Text files are generated summarizing the epitopes from
these two sources. 

Plots are then generated showing the density of epitopes
along the protein sequence, along with mutations from the
1968 -> 2007 nucleoprotein trajectory. Plots are also
generated showing the number of mutations at all sites that
change during the trajectory.

Written by Jesse Bloom, 2012."""


import os
import time
import random
import pylab
import matplotlib
import fasta
import align


def ReadImmuneEpitopeDatabase(infile, protnames, protseqfile, musclepath, identity_cutoff, maxlength, redundant_length_cutoff):
    """Reads epitopes from clustered output of Immune Epitope Database.

    infile -> *.csv file output by Immune Epitope Database, with 
        with clustering performed at 90% identity level.
    protnames -> a list of names for the protein (Source Molecule 
        Name). We only consider epitopes that are indicated as
        having come from one of these names.
    protseqfile -> FASTA file containing the sequence of the protein
        sequence in which we are searching for epitopes. We search
        for epitopes in the first sequence listed in this file.
    musclepath -> path to the MUSCLE alignment program.
    identity_cutoff -> only consider epitopes that align to the protein
        sequence with at least this identity.
    maxlength -> we only consider epitope sequences of <= this length.

    For each cluster of epitopes, we look at all epitope sequences of
        length <= maxlength. They are aligned to the protein in protseqfile.
        If they align without creating any gaps, and if the identity of the
        alignment is >= identity_cutoff, then we consider them a possible match. 
        For each cluster, we save the match with the highest identity in
        the alignment. We then go through all of these matches, and look
        at the sequence in the protein that is aligned to the match.

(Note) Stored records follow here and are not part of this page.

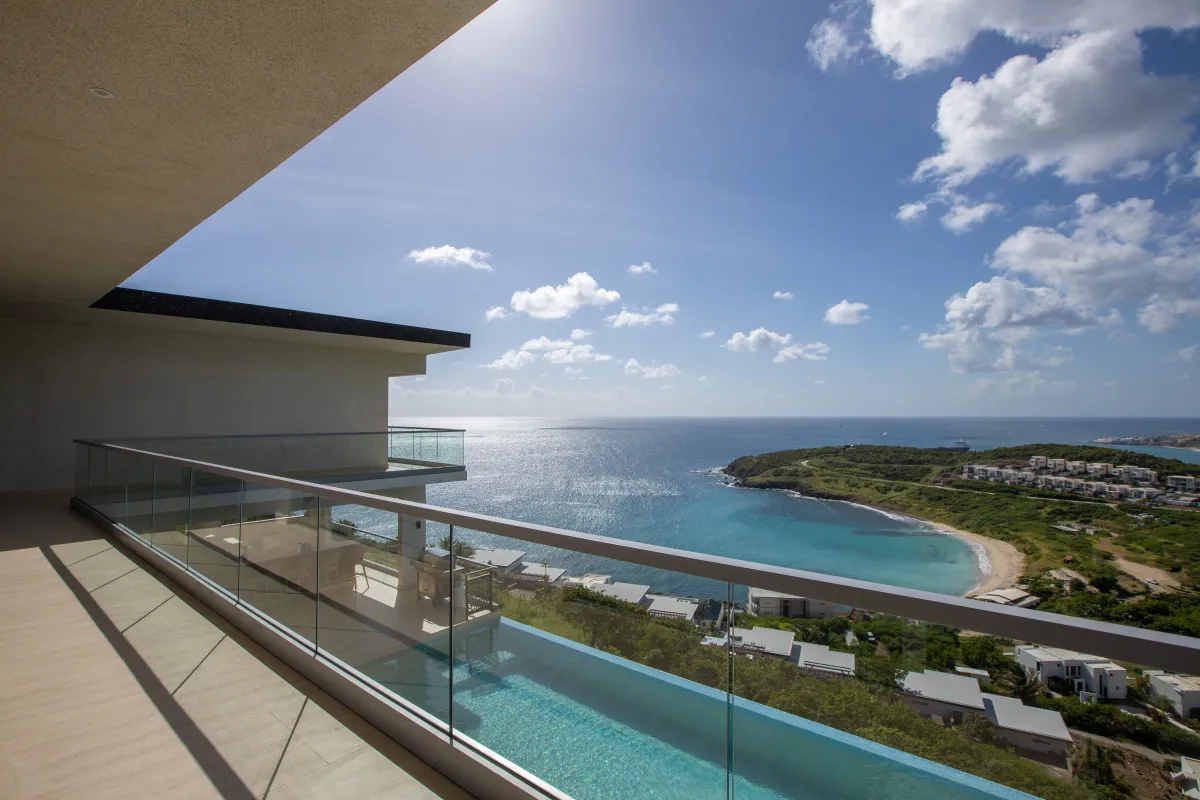 Villa Numa: Balcony overlooking an infinity pool and a coastal bay surrounded by green hills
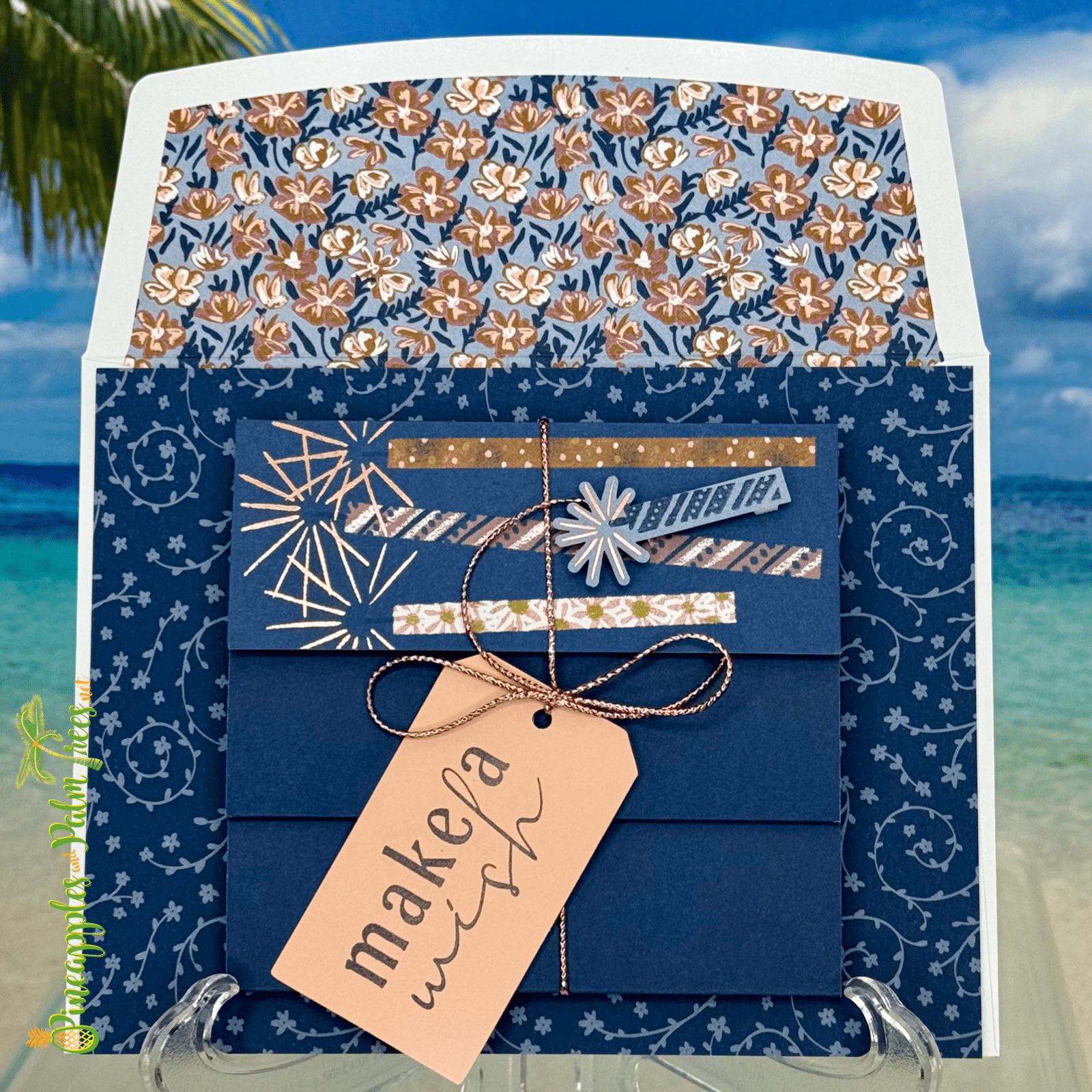 Greeting card with “Make a Wish” text and colorful birthday candles on the front.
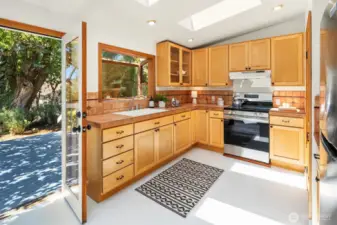 New appliances in the eat in kitchen with French doors leading to the rear garden and raised deck.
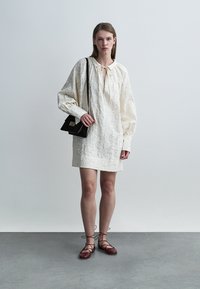 Λευκό φόρεμα με υφή, με σούρα στο ντεκολτέ και λεπτομέρεια δεσίματος, συνδυασμένο με μαύρη τσάντα χιαστί και κόκκινες δαντελωτές μπαλαρίνες με κορδόνια.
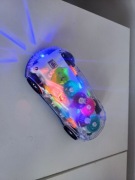 ŚWIECĄCY PRZEZROCZYSTY SAMOCHÓD MUZYCZNY YJ TOYS GRA ŚWIECI JEŹDZI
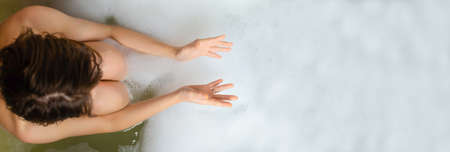 A woman is taking a bubble bath. view from above. Banner, place for text. Relaxation, spa concept.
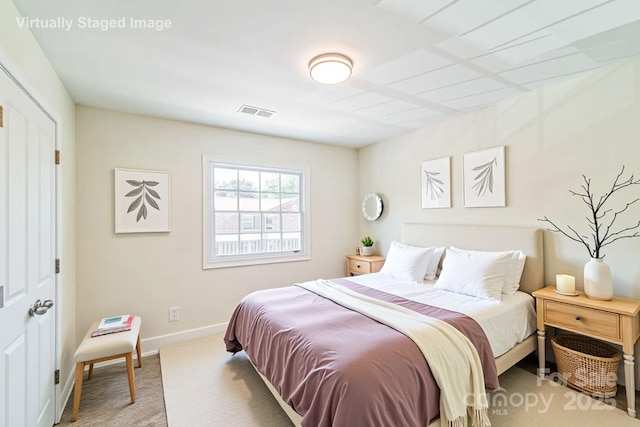bedroom featuring light colored carpet and baseboards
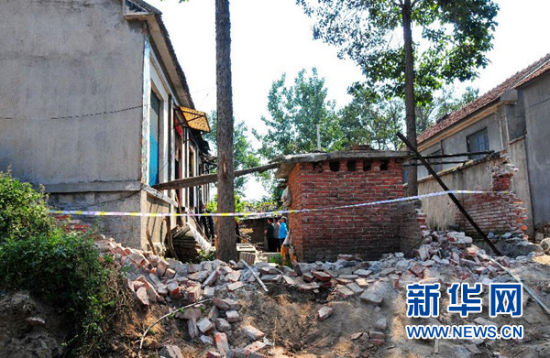  山东平邑县一农民被烧死事件调查死者张纪民家的西侧院墙被推倒，并已拉上了警戒线 新华社记者张志龙摄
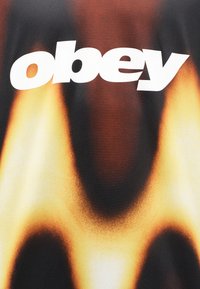 Έντονο λευκό κείμενο "obey" σε ύφασμα με σκοτεινό φόντο και διαβαθμισμένες φλόγες σε κίτρινο, πορτοκαλί και μαύρο χρώμα.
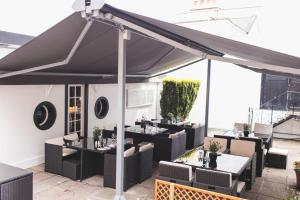 a black tent with tables and chairs on a patio at Old Court House Inn in Saint Aubin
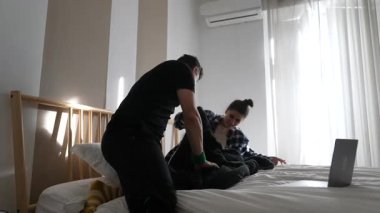 Sıcak bir yatakta neşeli bir etkileşim iki yakın arkadaş arasındaki derin dostluğu vurgular.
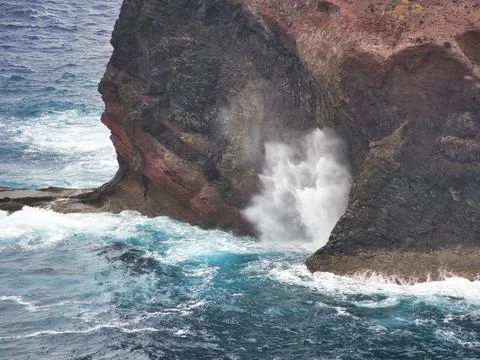 Wave Explosion in Volcanic Sea Cave - Dynamic close-up of a powerful ocean .. Stock Photos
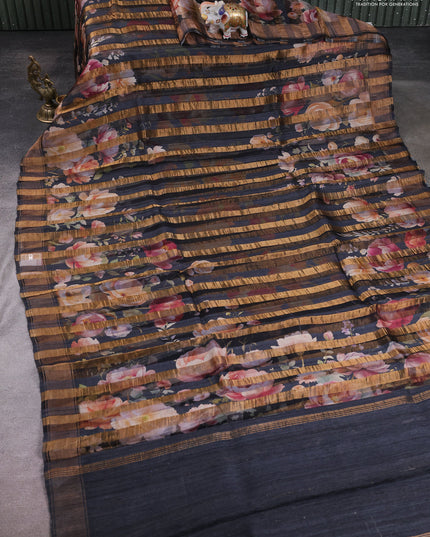 Organza tissue tussar silk saree black with allover zari stripe pattern & floral prints and zari woven border
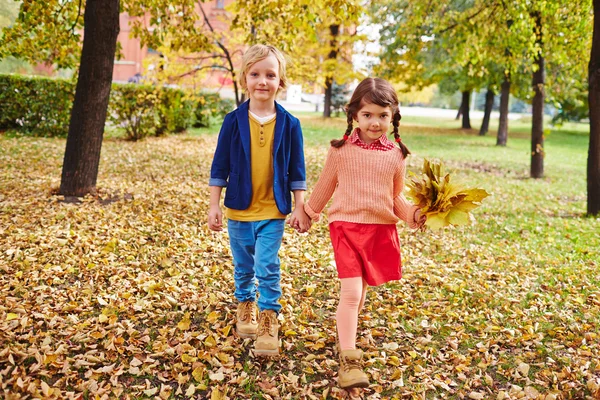 Små vänner gå i höst park — Stockfoto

If two
        matches have >= redundant_length_cutoff of exact identity, then
        we save the shorter one.
    The returned variable is the list good_epitopes. Its entries
        are the tuples (identity, rstart, rend, epitope, "unknown")
        where identity is the identity of the eptiope, rstart and rend are 
        the beginning and end of the epitope in the protein
        (1, 2, 3, ... numbering), epitope is the epitope sequence
        in the protein (not in the database epitope), and 'unknown'
        corresponds to the fact that we do not know the MHC allele.'
    """
    lines = open(infile).readlines()[1 : ]
    clusters = {} # keyed by cluster names, entries are lists of epitopes
    for line in lines:
        entries = line.split(',')
        (cluster, epitope, protein) = (entries[0], entries[6], entries[10].replace('"', ''))
        if protein not in protnames:
            continue # not from the correct protein
        if cluster in clusters:
            clusters[cluster].append(epitope)
        else:
            clusters[cluster] = [epitope]
    protseq = fasta.Read(protseqfile)[0]
    good_epitopes = []
    for (cluster, epitopes) in clusters.iteritems():
        clustermatched = False # once matched, set to identity
        bestmatch = None
        for epitope in epitopes:
            if len(epitope) > maxlength:
                continue # epitope is too long
            a = align.Align([protseq, ('epitope', epitope)], musclepath, 'MUSCLE')
            if len(a[0][1]) != len(protseq[1]):
                continue # alignment creates gaps
            identities = align.PairwiseStatistics(a)[0]
            if identities > 0.8:
                if (not clustermatched) or (clustermatched and identities > clustermatched):
                    clustermatched = identities
                    bestmatch = epitope
                    rstart = a[1][1].index(epitope) + 1
                    rend = rstart + len(epitope) - 1
                    matchedepitope = protseq[1][rstart - 1 : rend]
        if clustermatched:
            good_epitopes.append((clustermatched, rstart, rend, matchedepitope, 'unknown'))
    # now remove epitopes according to redundant_length_cutoff
    decorated_list = [(len(tup[3]), tup) for tup in good_epitopes]
    decorated_list.sort()
    good_epitopes = [tup[1] for tup in decorated_list] # epitopes now sorted from shortest to longest
    cleaned_epitopes = []
    for tup in good_epitopes:
        keepepitope = True
        residues = [r for r in range(tup[1], tup[2] + 1)]
        for cleantup in cleaned_epitopes:
            cleanresidues = [r for r in range(cleantup[1], cleantup[2] + 1)]
            sharedresidues = [r for r in residues if r in cleanresidues]
            nshared = len(sharedresidues)
            if nshared > redundant_length_cutoff:
                keepepitope = False
        if keepepitope:
            cleaned_epitopes.append(tup)
    good_epitopes = cleaned_epitopes
    return good_epitopes


def ReadMHCPathway(indir, epitopelength, percent_cutoff):
    """Reads epitopes from MHC-Pathway output.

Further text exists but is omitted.